Importantly, the self-aligned method also circumvents the problem of misalignment that can occur when bonding two wafers. Still, sequential 3D stacking is being explored to facilitate integration of silicon with nonsilicon channel materials, such as germanium and III-V semiconductor materials. These approaches and materials may become relevant as we look to tightly integrate optoelectronics and other functions on a single chip.
Making all the needed connections to 3D-stacked CMOS is a challenge. Power connections will need to be made from below the device stack. In this design, the NMOS device [top] and PMOS device [bottom] have separate source/drain contacts, but both devices have a gate in common.Emily Cooper
The new self-aligned CMOS process, and the 3D-stacked CMOS it creates, work well and appear to have substantial room for further miniaturization. At this early stage, that’s highly encouraging. Devices having a gate length of 75 nm demonstrated both the low leakage that comes with excellent device scalability and a high on-state current. Another promising sign: We’ve made wafers where the smallest distance between two sets of stacked devices is only 55 nm. While the device performance results we achieved are not records in and of themselves, they do compare well with individual nonstacked control devices built on the same wafer with the same processing.
In parallel with the process integration and experimental work, we have many ongoing theoretical, simulation, and design studies underway looking to provide insight into how best to use 3D CMOS. Through these, we’ve found some of the key considerations in the design of our transistors. Notably, we now know that we need to optimize the vertical spacing between the NMOS and PMOS—if it’s too short it will increase parasitic capacitance, and if it’s too long it will increase the resistance of the interconnects between the two devices. Either extreme results in slower circuits that consume more power.

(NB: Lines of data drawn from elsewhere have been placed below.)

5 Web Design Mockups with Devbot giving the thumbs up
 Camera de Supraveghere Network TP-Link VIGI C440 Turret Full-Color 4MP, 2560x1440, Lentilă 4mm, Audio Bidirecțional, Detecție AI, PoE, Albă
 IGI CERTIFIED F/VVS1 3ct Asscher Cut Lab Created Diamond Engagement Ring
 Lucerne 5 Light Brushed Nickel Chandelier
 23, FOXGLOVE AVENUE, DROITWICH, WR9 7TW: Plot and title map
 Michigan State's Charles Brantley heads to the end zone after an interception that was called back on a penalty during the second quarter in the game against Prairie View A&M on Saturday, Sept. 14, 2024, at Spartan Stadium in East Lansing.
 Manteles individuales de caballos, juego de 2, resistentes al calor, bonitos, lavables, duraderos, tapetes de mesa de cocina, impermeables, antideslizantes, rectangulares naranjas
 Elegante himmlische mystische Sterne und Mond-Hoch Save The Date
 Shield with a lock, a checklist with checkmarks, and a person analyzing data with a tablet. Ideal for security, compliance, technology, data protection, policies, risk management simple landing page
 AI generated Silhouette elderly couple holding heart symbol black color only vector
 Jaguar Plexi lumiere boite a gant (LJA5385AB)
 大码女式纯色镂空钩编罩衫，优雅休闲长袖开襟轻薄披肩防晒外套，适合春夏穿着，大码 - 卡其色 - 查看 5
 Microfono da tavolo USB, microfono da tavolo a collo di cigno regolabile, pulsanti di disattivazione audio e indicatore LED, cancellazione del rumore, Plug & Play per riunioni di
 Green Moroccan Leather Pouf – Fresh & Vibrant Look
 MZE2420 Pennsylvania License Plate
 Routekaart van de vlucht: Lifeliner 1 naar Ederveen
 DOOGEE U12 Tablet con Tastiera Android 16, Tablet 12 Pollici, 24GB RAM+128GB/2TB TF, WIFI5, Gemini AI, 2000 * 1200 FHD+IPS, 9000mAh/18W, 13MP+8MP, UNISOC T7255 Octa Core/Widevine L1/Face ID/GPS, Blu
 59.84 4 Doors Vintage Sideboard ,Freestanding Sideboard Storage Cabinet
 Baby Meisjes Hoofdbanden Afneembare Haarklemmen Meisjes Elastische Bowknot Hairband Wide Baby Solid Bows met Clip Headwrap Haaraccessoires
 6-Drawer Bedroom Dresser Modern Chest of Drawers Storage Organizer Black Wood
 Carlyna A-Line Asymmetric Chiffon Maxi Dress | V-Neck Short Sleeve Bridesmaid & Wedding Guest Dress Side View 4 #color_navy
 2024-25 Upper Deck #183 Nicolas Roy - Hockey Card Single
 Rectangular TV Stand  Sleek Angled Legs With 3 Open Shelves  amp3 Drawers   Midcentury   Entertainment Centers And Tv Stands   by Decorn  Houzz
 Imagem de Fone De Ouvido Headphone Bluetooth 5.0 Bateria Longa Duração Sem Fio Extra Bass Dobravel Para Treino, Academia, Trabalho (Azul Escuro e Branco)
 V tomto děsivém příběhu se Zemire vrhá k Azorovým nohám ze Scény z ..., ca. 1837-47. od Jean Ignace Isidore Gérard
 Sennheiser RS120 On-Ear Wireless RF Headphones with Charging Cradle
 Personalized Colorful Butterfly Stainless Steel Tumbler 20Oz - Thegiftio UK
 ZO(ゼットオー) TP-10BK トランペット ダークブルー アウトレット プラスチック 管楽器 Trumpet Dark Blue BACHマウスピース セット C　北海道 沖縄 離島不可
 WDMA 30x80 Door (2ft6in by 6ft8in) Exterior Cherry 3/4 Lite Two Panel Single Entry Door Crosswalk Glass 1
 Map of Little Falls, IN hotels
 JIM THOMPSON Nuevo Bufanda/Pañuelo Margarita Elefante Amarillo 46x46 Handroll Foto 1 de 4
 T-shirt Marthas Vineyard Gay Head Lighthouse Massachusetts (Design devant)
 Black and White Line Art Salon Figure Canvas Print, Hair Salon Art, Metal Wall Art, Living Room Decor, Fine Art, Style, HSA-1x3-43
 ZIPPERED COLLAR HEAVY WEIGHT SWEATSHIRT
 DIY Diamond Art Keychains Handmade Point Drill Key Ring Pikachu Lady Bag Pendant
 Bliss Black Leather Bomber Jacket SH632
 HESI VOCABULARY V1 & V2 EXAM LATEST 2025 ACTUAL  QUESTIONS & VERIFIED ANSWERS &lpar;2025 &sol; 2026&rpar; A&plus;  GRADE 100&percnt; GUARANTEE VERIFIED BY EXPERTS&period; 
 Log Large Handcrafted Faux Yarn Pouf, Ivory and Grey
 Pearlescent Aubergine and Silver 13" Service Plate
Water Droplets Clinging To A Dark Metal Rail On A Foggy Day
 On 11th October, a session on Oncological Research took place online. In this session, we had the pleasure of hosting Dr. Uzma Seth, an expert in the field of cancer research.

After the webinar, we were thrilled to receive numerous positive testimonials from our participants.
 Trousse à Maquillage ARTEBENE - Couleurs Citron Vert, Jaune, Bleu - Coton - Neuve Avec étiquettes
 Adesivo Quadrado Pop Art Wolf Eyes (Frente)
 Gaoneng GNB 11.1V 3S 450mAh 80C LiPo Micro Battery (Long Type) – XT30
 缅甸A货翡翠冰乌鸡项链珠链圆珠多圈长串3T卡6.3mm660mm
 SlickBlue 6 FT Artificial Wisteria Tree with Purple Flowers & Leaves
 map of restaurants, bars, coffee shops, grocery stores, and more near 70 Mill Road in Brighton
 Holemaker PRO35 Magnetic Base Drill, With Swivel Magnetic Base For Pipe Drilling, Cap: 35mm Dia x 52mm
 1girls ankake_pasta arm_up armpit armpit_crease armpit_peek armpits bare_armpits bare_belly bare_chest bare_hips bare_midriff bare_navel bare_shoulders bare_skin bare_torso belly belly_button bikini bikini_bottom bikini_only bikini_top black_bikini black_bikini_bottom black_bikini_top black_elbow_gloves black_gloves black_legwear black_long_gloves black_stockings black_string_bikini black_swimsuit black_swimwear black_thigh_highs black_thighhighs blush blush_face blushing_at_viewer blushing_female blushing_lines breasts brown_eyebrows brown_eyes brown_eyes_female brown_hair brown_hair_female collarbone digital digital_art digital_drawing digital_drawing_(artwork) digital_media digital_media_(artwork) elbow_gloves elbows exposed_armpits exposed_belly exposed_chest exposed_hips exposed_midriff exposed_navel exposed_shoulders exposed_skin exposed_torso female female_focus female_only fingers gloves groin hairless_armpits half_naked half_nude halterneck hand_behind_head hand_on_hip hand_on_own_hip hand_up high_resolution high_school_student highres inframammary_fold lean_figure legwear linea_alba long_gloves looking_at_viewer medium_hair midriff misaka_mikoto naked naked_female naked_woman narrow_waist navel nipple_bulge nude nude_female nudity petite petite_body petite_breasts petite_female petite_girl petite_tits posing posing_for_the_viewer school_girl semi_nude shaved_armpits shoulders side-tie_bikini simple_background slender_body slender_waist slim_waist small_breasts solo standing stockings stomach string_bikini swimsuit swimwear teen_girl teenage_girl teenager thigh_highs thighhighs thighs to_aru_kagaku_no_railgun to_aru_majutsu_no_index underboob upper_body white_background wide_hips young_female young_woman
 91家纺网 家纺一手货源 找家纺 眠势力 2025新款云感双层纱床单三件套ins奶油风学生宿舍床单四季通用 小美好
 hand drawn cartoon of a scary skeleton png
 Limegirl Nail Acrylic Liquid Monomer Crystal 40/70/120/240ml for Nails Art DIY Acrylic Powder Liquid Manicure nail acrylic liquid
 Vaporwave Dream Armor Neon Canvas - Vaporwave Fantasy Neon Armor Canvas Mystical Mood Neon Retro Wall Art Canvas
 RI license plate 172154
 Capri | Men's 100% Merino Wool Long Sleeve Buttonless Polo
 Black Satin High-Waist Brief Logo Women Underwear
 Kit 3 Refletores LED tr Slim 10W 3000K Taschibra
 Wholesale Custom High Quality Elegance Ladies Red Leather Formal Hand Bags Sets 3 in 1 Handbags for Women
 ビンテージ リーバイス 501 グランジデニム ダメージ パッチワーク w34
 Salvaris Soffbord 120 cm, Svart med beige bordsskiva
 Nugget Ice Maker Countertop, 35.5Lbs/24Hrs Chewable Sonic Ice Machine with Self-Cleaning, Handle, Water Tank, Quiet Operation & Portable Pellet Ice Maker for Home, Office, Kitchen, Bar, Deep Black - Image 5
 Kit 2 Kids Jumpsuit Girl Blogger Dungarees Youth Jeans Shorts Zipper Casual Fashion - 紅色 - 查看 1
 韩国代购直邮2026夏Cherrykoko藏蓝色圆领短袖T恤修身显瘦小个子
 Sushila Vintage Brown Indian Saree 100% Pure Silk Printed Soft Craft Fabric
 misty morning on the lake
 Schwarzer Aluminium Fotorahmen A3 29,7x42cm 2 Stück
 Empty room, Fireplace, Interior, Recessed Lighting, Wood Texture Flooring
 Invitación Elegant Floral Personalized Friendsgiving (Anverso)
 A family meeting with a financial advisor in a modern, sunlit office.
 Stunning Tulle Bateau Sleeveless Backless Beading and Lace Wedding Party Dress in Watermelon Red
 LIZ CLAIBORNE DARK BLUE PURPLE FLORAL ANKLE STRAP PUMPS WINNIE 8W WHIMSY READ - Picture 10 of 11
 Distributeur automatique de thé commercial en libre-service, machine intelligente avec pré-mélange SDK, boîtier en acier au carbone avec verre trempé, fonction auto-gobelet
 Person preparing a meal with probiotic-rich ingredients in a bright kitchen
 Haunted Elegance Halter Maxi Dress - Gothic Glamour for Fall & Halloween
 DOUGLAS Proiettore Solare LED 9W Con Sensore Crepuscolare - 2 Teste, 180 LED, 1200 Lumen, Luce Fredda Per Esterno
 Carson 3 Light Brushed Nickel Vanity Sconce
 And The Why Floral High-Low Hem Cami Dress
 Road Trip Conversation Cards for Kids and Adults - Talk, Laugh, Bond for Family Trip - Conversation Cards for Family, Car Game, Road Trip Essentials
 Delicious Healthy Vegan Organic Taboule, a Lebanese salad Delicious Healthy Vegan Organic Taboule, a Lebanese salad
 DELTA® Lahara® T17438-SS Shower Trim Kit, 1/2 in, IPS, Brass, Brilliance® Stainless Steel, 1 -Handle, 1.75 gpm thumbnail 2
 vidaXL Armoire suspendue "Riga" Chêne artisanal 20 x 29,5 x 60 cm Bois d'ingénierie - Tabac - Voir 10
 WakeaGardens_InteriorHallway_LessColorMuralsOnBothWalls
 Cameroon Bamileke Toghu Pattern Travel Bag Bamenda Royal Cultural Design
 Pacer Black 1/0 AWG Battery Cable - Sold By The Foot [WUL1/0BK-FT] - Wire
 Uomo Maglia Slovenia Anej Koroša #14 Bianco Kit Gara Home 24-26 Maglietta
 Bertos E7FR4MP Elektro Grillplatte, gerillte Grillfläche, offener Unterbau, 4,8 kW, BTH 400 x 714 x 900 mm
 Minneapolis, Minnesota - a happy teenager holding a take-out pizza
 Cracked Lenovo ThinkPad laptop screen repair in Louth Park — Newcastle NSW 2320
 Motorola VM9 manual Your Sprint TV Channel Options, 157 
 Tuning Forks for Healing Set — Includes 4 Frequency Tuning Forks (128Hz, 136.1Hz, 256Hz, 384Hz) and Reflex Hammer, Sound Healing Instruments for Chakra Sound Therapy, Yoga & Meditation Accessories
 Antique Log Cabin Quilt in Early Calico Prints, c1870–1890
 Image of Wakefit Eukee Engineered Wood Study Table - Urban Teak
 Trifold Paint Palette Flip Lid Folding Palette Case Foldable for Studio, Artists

Many design studies, such as one by TEL Research Center America presented at IEDM 2021, focus on providing all the necessary interconnects in the 3D CMOS’s limited space and doing so without significantly increasing the area of the logic cells they make up. The TEL research showed that there are many opportunities for innovation in finding the best interconnect options. That research also highlights that 3D-stacked CMOS will need to have interconnects both above and below the devices. This scheme, called buried power rails, takes the interconnects that provide power to logic cells but don’t carry data and removes them to the silicon below the transistors. Intel’s PowerVIA technology, which does just that and is scheduled for introduction in 2024, will therefore play a key role in making 3D-stacked CMOS a commercial reality.
With RibbonFETs and 3D CMOS, we have a clear path to extend Moore’s Law beyond 2024. In a 2005 interview in which he was asked to reflect on what became his law, Gordon Moore admitted to being “periodically amazed at how we’re able to make progress. Several times along the way, I thought we reached the end of the line, things taper off, and our creative engineers come up with ways around them.”
With the move to FinFETs, the ensuing optimizations, and now the development of RibbonFETs and eventually 3D-stacked CMOS, supported by the myriad packaging enhancements around them, we’d like to think Mr. Moore will be amazed yet again.